May 30, 2011 08:57 GMT  ·  By

It's no longer a secret to anyone that global warming-induced climate change is melting down the Arctic, causing widespread damage to ecosystems and species living at that location. A new analysis indicates that Arctic access routes will also be reshaped considerably over the next four decades.

Land-based routes will most likely dwindle in number, say experts in the United States. With vast amounts of the ice packs gone, there will literally be nothing to travel on. Unlike the Antarctic, the Arctic is not based on solid land, but rather floats directly on the ocean surface.

This led scientists from the University of California in Los Angeles (UCLA) to their next conclusion – sea-based access routes will multiply and diversify over the next decades, in areas where passage was previously impossible.

All of these effects are caused by the massive release of carbon dioxide and other greenhouse gases, mostly from man-made source. These emissions are triggering several feedback loops, whose ultimate effect is the melting of glaciers, the shifting of precipitation patterns, sea level rise and so on.

“As sea ice continues to melt, accessibility by sea will increase, but the viability of an important network of roads that depend on freezing temperatures is threatened by a warming climate,” says the lead author of the new study, UCLA graduate student in geography Scott Stephenson.

The opening of new routes for transport will benefit coastal communities and tourism operators, as well as shipping concerns and coastal resource-extraction operations. But there are also losers in this game.

Inland mining and timber operations, inland oil and gas drilling, and smaller inland communities are expected to be the hardest hit, UCLA researchers say in their new paper. These effects add to those that a melting Arctic will cause on worldwide climate patterns.

“Popular perception holds that climate warming will mean an opening up of the Arctic, but our study shows that this is only partly so. Rising maritime access for ships will be severely countered by falling vehicular access on land,” says Laurence C. Smith.

The expert, a coauthor of the new sutyd, is a UCLA professor of geography and also the author of “The World in 2050: Four Forces Shaping Civilization's Northern Future” (Dutton Books, 2010).

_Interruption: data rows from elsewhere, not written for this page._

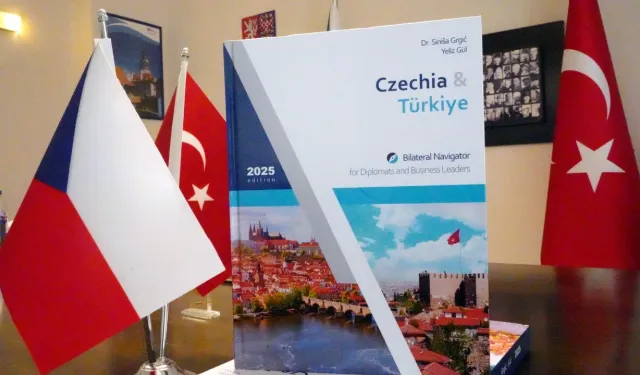 Antalya Çekya’daki Türkiye Kitabının Kapağında Yer Aldı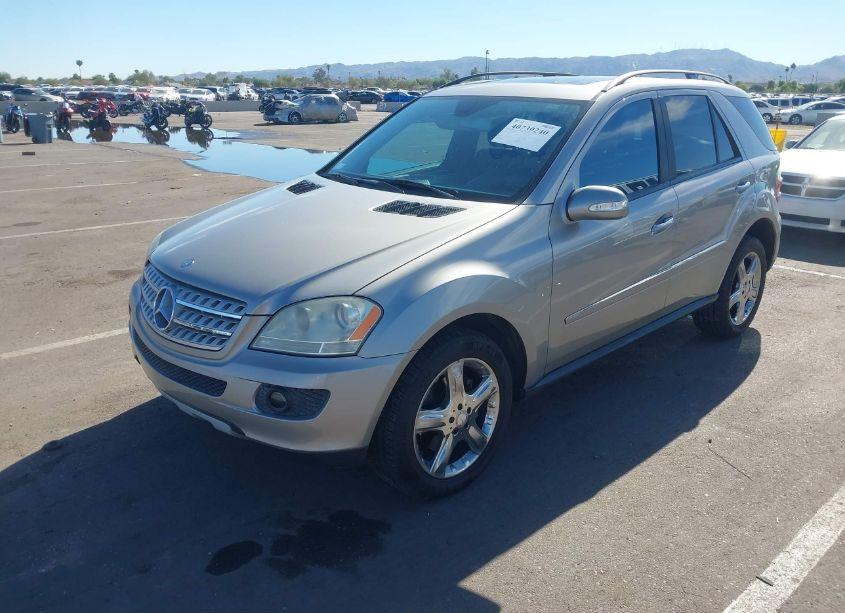 Photo 2 of 2008 Mercedes-benz Ml 320 CDI 4MATIC (VIN 4JGBB22E28A369211)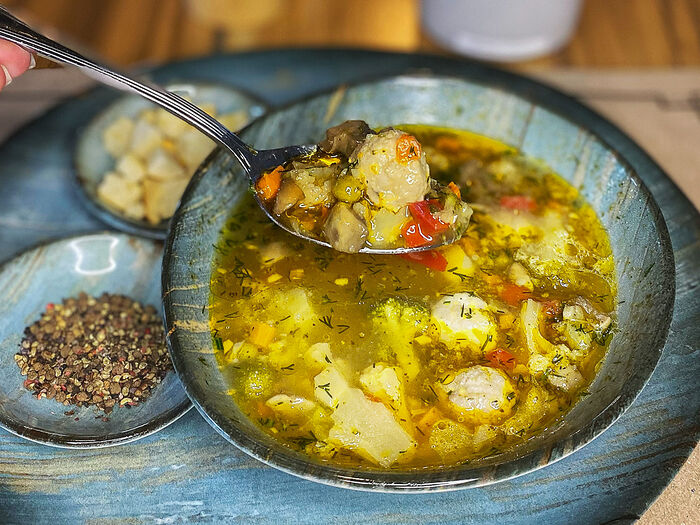 Овощной куриный суп по-кавказски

Details of the work appear in the June issue of the top journal Nature Climate Change.

Current estimates show that temperatures in the Arctic will increase by anywhere between 3.6 and 6.2 degrees Fahrenheit within the next four decades. During the winter, the increase may reach as much as 7.2 to 10.8 degrees Fahrenheit.

Canada, Finland, Greenland, Iceland, Norway, Russia, Sweden and the United States will all lose important ice roads, that provide land accessibility. The loss could be anywhere between 11 and 82 percent, the UCLA study shows.

“Remote communities that rely on winter roads, especially those that are inland, may have to switch to air cargo services, which will dramatically increase the costs of supplies. That would make life that much harder in these communities,” Stephenson concludes.